JDC: Walking u home! This ambiguous injunction oscillates between the distressing proposal of a man with bad attentions, and the reassuring attitude of the women between them, marker of a reassuring sisterhood. The title of the exhibition reminds us that public space is unequally shared between girls and boys, from the playground to the subway trains. But in the tumult of images and representations of the body that your generation carries, I was soothed to contemplate an intimate and gentle approach to adolescence. Pegasus is now at rest, after centuries of celestial adventures and energy in battle. The young man in the orange pants is dreaming, a paper airplane in his hand. I wanted to initiate this conversation between your two worlds because they draw from the same carefree force. What do you think of this dialogue, and what does the other's work inspire in you?

 

AB & LL : We both believe that we do not have a "soft" approach to adolescence. What interests us is a tenderness for our subjects and a tenderness in the way we paint.

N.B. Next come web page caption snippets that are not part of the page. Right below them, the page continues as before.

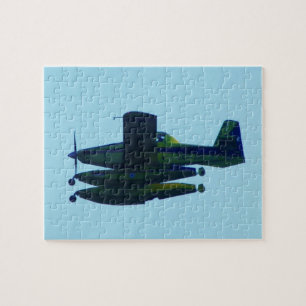 Puzzle Hydravion de la Garde Civile.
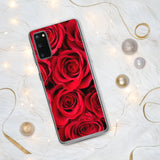 Red Roses Clear Case for Samsung®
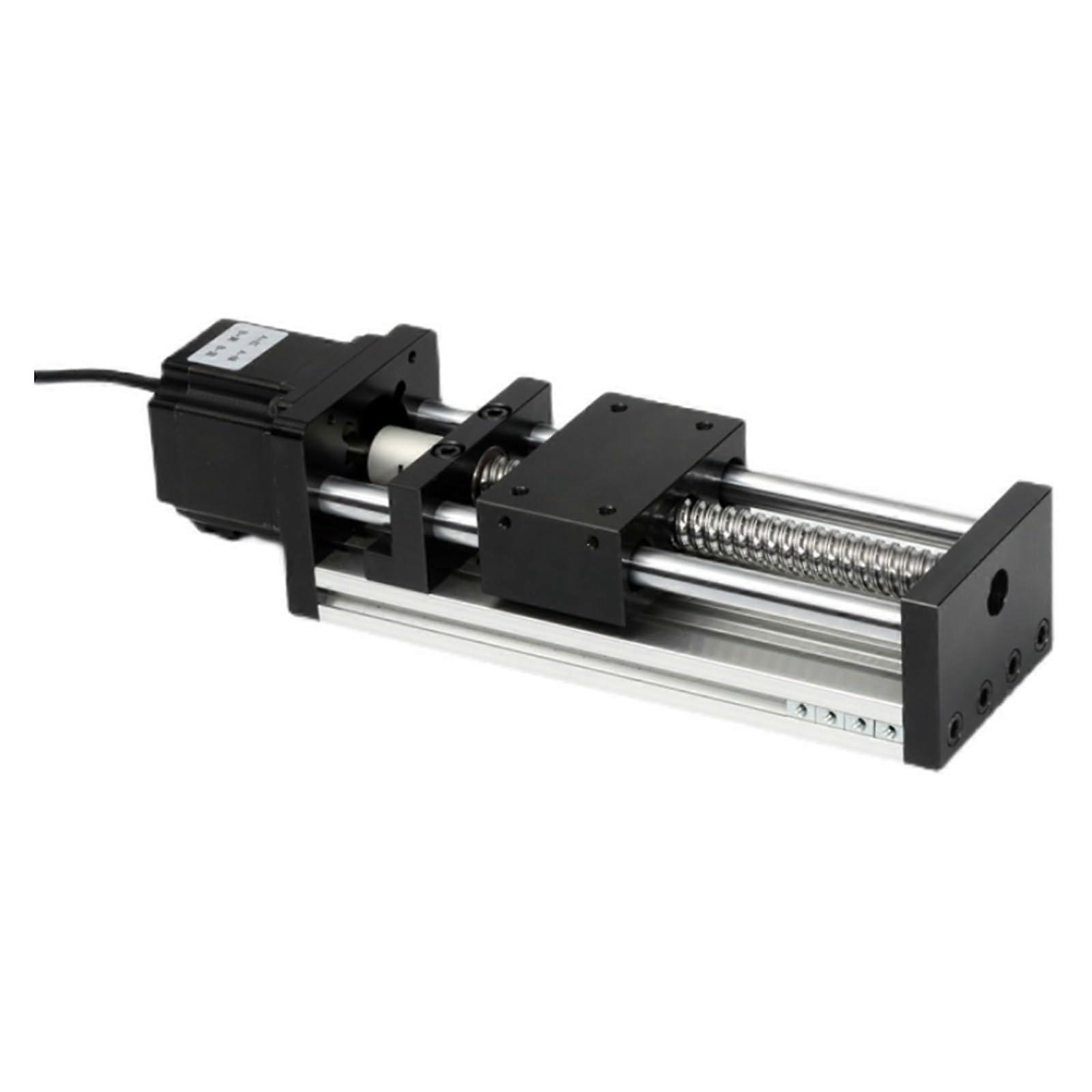 Sliding Table Linear Rail Stage Module Dual Optical Axis Ball Screw 42/57 Stepper Motor 1605 Stroke 50 Multiple Sizes
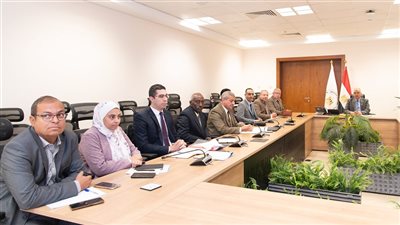 سويلم: الإسراع في نهو أعمال تنفيذ مأخذى رقم ١٠ ، ٢٤ ضمن مشروع تنمية شمال سيناء قبل منتصف ٢٠٢٥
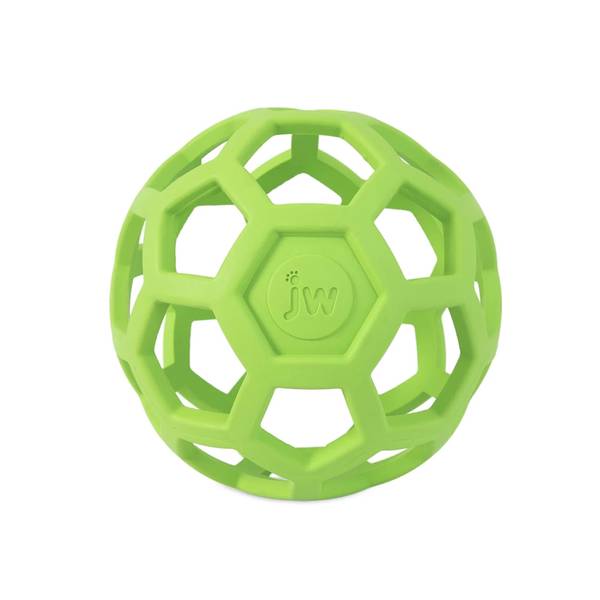 JW Hol-ee Mänguasi Koerale – Roller, roheline Mini 5cm
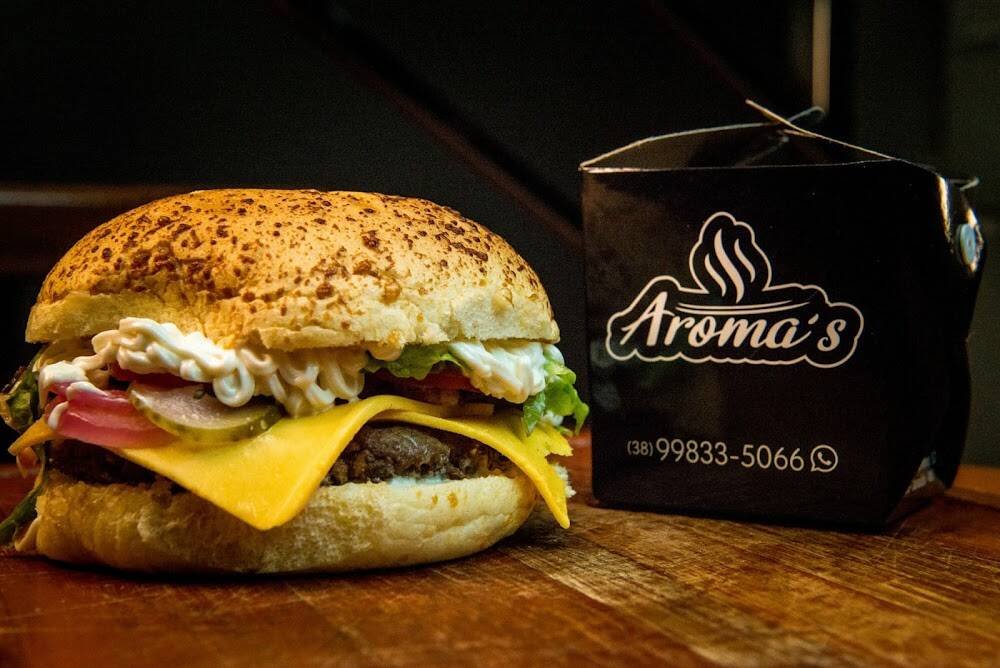 Aromas Food Janaúba – Lanches e Hamburguerias em Janaúba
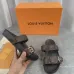 Louis Vuitton Brown Monogram Canvas Bom Dia Flat Slides #B50430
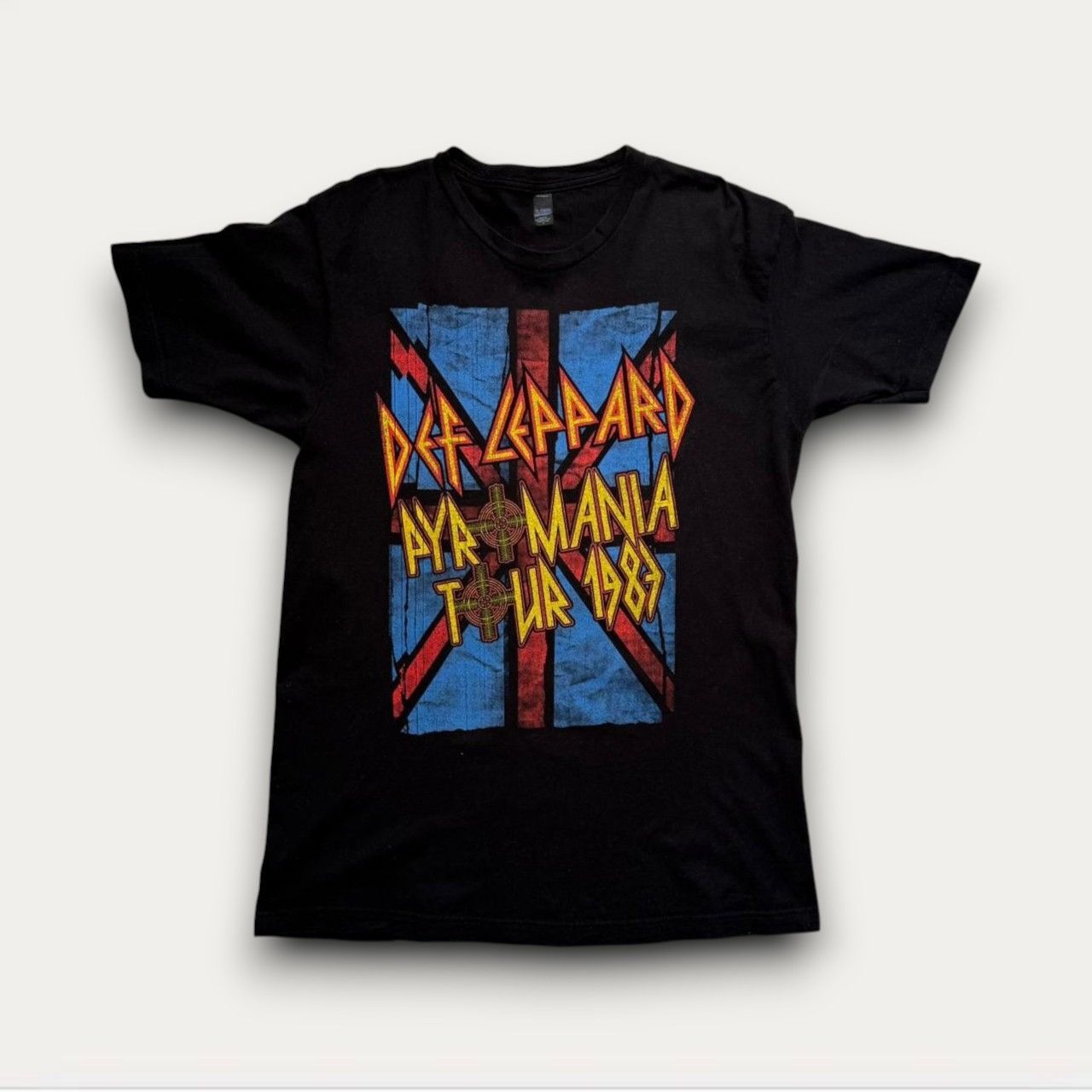 Def Leppard Vintage Def Leppard Pyromania Tour 1983 T-Shirt Size US L / EU 52-54 / 3 - 1 Thumbnail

But this period of life also embodies the threshold of violence - psychological, economic, social. We have strong interests and common motives that we treat very differently, clinging to a history of painting and to various sources of inspiration. Having grown up side by side, in our lives as well as in our practices, we have experiences that come together and are reflected in our paintings, each with its own retranscription.

*The levkas is the usual name given to the white coating of the bottom of the icon composed of white of Meudon, Troyes or Spain mixed with glue on which the colors will offer their best transparency.